Le 6 mars, la délégation du CAEU se rend dans le comté de Cork, accompagnée de Mme Ellis et de M. Roxburgh, et amorce la journée par un entretien avec des représentants de la raffinerie de Whitegate, appartenant à Irving Oil. M. Jeff Matthews, agent de développement commercial en chef, présente un historique de l’entreprise canadienne et un aperçu de ses activités. La raffinerie de Whitegate est la seule raffinerie en Irlande. Elle fournit 40 % des besoins énergétiques de l’Irlande (le tiers de l’énergie produite à Whitegate est utilisée dans le pays). Irving Oil a acheté la raffinerie en 2016. Pour le moment, l’entreprise intervient seulement sur le marché de gros en Irlande; elle n’est pas présente dans le secteur de la vente au détail, comme au Canada.

Le directeur général de la raffinerie, M. David Austin, explique comment l’entreprise a réagi au mouvement mondial de réduction des gaz à effet de serre. Il décrit le virage vers le diesel renouvelable et le mélange d’éthanol et d’essence, soulignant l’importance de la certitude réglementaire pour que les entreprises sachent vers où diriger leurs activités de recherche et développement. M. Matthews poursuit sur ce sujet, notant qu’en réaction au mouvement vers une énergie plus verte, l’entreprise a choisi d’installer des bornes de recharge de véhicules électriques dans des stations-service du Canada.

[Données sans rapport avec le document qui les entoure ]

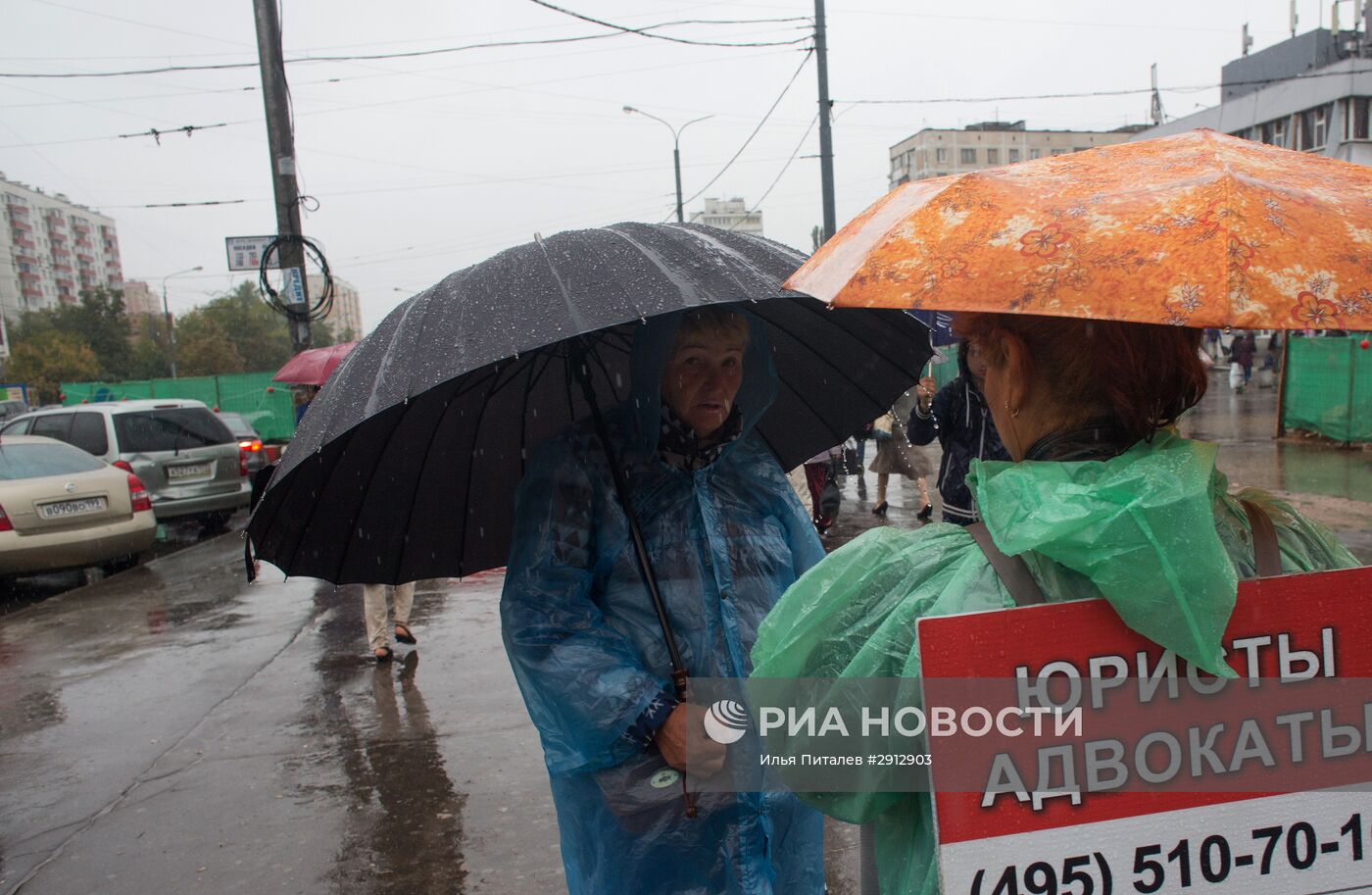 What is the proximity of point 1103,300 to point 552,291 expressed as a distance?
106cm

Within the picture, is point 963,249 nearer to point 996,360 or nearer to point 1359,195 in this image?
point 996,360

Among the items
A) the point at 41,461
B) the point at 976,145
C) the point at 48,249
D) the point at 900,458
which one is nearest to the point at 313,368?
the point at 41,461

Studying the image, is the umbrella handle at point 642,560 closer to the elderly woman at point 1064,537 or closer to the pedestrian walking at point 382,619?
the elderly woman at point 1064,537

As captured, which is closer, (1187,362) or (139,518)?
(1187,362)

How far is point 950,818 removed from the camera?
3.64 feet

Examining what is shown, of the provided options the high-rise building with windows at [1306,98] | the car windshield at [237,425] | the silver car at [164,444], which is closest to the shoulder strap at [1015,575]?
the silver car at [164,444]

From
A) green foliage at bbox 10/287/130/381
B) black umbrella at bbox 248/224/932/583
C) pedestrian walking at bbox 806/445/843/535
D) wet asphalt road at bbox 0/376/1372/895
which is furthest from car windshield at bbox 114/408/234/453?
green foliage at bbox 10/287/130/381

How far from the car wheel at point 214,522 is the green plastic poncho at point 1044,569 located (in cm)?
1321

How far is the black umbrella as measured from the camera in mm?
1795

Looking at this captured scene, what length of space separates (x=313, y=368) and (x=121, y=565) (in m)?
4.01

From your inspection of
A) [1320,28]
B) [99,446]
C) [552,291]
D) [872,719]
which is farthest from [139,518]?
[1320,28]

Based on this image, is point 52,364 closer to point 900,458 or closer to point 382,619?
point 900,458

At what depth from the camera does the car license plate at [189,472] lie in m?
11.9

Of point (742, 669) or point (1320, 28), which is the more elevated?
point (1320, 28) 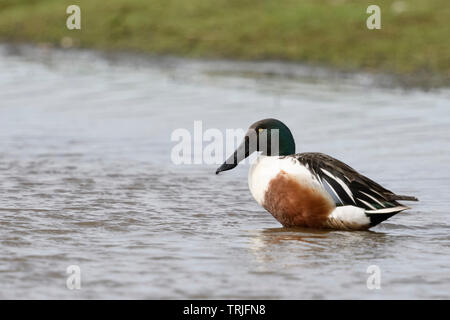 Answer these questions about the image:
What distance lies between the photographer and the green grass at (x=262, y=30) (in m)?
15.4

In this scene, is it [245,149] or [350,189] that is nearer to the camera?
[350,189]

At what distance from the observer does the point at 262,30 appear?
17.0m

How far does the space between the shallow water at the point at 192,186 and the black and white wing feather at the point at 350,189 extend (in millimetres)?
214

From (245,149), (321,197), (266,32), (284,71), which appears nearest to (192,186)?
(245,149)

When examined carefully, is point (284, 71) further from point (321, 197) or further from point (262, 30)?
point (321, 197)

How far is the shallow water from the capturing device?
18.6 ft

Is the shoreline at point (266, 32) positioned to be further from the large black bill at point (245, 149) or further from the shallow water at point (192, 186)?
the large black bill at point (245, 149)

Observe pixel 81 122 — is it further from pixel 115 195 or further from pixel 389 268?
pixel 389 268

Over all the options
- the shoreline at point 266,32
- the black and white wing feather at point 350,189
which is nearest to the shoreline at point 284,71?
the shoreline at point 266,32

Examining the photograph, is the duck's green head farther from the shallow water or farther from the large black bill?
the shallow water

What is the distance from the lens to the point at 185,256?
20.2ft

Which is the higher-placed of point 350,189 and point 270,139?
point 270,139

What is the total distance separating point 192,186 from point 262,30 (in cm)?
885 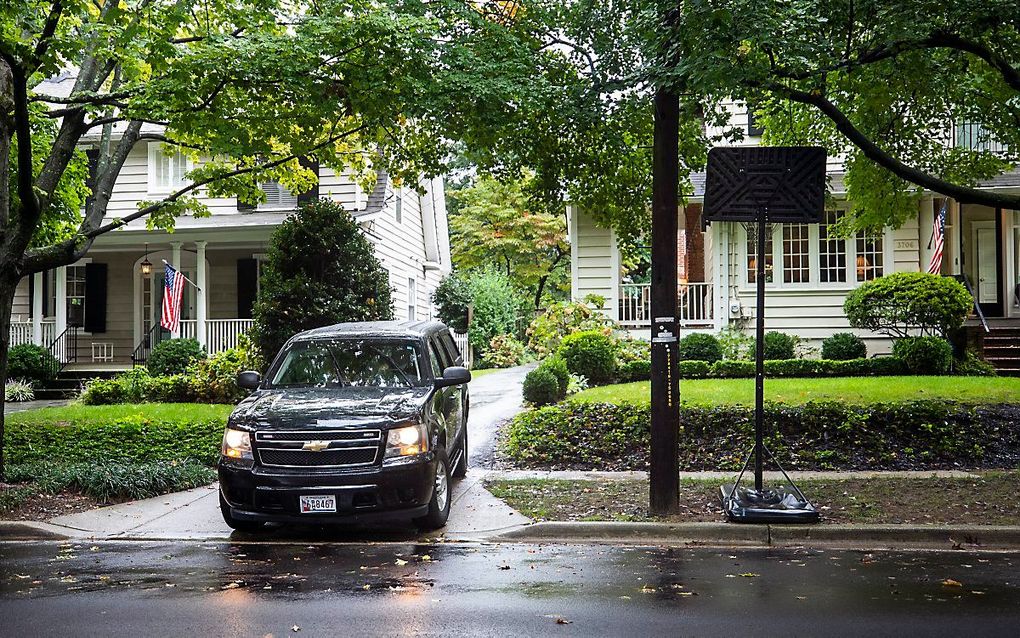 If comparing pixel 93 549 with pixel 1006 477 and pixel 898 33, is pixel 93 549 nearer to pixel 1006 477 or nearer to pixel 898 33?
pixel 898 33

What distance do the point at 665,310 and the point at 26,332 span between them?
2060cm

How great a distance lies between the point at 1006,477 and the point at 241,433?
8.69 meters

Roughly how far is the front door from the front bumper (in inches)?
759

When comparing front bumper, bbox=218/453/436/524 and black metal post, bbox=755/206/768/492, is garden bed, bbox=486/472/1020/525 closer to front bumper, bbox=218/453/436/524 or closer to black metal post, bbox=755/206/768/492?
black metal post, bbox=755/206/768/492

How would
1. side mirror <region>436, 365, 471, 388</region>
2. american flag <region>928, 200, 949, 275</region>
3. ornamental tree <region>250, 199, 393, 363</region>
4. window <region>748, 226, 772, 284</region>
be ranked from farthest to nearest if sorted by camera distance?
1. window <region>748, 226, 772, 284</region>
2. american flag <region>928, 200, 949, 275</region>
3. ornamental tree <region>250, 199, 393, 363</region>
4. side mirror <region>436, 365, 471, 388</region>

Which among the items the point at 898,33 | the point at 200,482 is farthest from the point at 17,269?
the point at 898,33

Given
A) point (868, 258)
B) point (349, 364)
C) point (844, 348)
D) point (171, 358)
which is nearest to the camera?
point (349, 364)

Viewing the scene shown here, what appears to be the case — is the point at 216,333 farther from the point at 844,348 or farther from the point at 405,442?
the point at 405,442

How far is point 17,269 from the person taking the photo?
10836mm

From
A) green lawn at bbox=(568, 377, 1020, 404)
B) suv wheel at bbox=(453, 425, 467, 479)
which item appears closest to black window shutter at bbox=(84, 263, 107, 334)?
green lawn at bbox=(568, 377, 1020, 404)

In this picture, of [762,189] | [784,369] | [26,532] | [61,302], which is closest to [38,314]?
[61,302]

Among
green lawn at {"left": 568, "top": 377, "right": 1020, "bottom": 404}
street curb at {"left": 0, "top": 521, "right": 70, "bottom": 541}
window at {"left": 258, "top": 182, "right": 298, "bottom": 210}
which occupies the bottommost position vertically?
street curb at {"left": 0, "top": 521, "right": 70, "bottom": 541}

Il estime que les raffineries de pétrole sont une réalité nécessaire, et qu’Irving s’efforce d’exercer ses activités et de se développer de la façon la plus propre et la plus appropriée possible. Il souligne également les initiatives de sensibilisation communautaires mises sur pied par Irving dans la communauté de Whitegate.

Todd Underhill, directeur de l’intégration opérationnelle, conclut la réunion en décrivant le processus suivi pour transformer le pétrole brut en différents produits à la raffinerie. Les membres de la délégation visitent ensuite la raffinerie de Whitegate.

Rencontre avec des représentants de la Chambre de commerce de Cork

Les membres de la délégation s’entretiennent ensuite avec Mme Katherine Fitzpatrick, directrice des relations internationales, et M. Thomas McHugh, directeur des politiques et des relations extérieures à la Chambre de commerce de Cork. M. McHugh présente à la délégation un aperçu des travaux de la Chambre de commerce et fait remarquer l’évolution positive survenue en Irlande et dans le comté de Cork depuis la crise financière de 2008. Plutôt que de reposer de façon excessive sur l’industrie de la construction et les règles fiscales relatives aux prêts et aux investissements, le développement du territoire est aujourd’hui lié au développement économique. Le secteur de la construction emboîte le pas à l’économie plutôt que d’en être le moteur. En fin de compte, la construction s’aligne sur le rythme de croissance de la population; le développement se fait selon cette échelle et est consolidé autour des métropoles. Le projet Irlande 2040 du gouvernement définit les objectifs de croissance du pays, et Cork représente un centre de croissance (Cork et ses banlieues devraient connaître une croissance de 50 % d’ici 2040). Dans le cadre de ce plan, des capitaux sont investis pour assurer que l’infrastructure (y compris les routes) est en place pour soutenir ce développement. L’aéroport de Cork accueillera bientôt des vols en provenance de la côte Est américaine et on espère exploiter aussi des liaisons canadiennes. Ainsi, les priorités de la Chambre de commerce de Cork sont l’infrastructure, le logement, l’éducation et les compétences, la création d’un centre-ville prospère, l’élargissement de l’empreinte sectorielle de Cork, l’aéroport de Cork, le marketing pour la région de Cork et le Brexit. 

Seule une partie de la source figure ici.